Le lourd tribut de la liberté d'expression
Expressen souligne que la France n'est pas le seul pays où la peur d'y laisser sa vie ou d'être attaqué dans son intégrité physique incite à renoncer à toute critique de l'islam :
«Le risque de voir se développer une forme d'autocensure est manifestement là. ... En Suède, l'artiste Lars Vilks, [qui a représenté le prophète Mohammed en chien] vit depuis 13 ans sous la menace et sous protection policière depuis dix ans. Une situation qui en dit long sur le prix que doivent payer ceux qui osent provoquer les extrémistes. Vilks ne bénéficie pas d'une solidarité particulière. Les milieux culturels se montrent réservés et ses voisins se sont plaints de sa présence dans leur quartier. ... Sur un plan purement théorique, presque tous prônent la liberté d'expression, mais dans la pratique, le prix à payer ne doit pas être trop élevé. L'attaque terroriste qu'a connue la France nous concerne nous aussi.»
Soutenir les musulmans modérés
Dans le combat contre l'islamisme, le soutien à l'aile modérée de l'islam est primordial, rappelle la politologue Ayaan Hirsi Ali dans The Spectator:
«Emmanuel Macron pourrait soutenir et protéger ces musulmans français qui ont le courage de condamner l'islam radical. Il pourrait soutenir, parmi les adeptes de l'Islam, ceux qui essayent de modifier la charia, de replacer dans son contexte historique la sunna en tant que fil rouge de la vie musulmane et de définir une limite judicieuse entre la religion et l'Etat, en remettant en cause la pureté de la doctrine. Dans cette lutte contre les extrémistes, il est primordial de faire la distinction entre les musulmans soucieux d'amener un véritable changement et les islamistes pleins de verve. De nombreux musulmans français combattent vivement les islamistes et Macron pourrait faire beaucoup plus pour les soutenir.»
Le réveil de nouveaux loups solitaires
Dans Adevărul, le député membre du parti nationaliste-libéral PNL Ovidiu Raețchi redoute que cet acte odieux ne fasse des émules :
«Même si l'assassinat perpétré non loin de Paris ne constitue pas un acte terroriste systémique en ceci qu'il n'a pas été organisé par une organisation basée au Proche-Orient, il n'en est pas moins révélateur de l'évolution du djihadisme ces dernières années.
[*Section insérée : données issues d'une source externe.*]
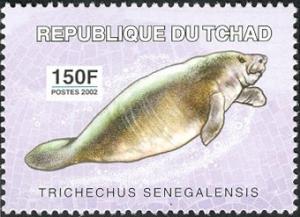 Colnect-2395-305-African-Manatee-Trichechus-senegalensis.jpg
Il relève en effet de ce type d'action spontanée qui mobilise l'énergie et les cellules grises qui sommeillaient après le coup fatal que Daech a reçu en Syrie. Les caricatures de Charlie Hebdo sont on ne peut plus efficaces pour déclencher des actions de structures radicales à l'affût de prétextes. Pour ces raisons, nous devons nous attendre à d'autres actions de loups solitaires, aiguillonnés par la décapitation de Samuel Paty.»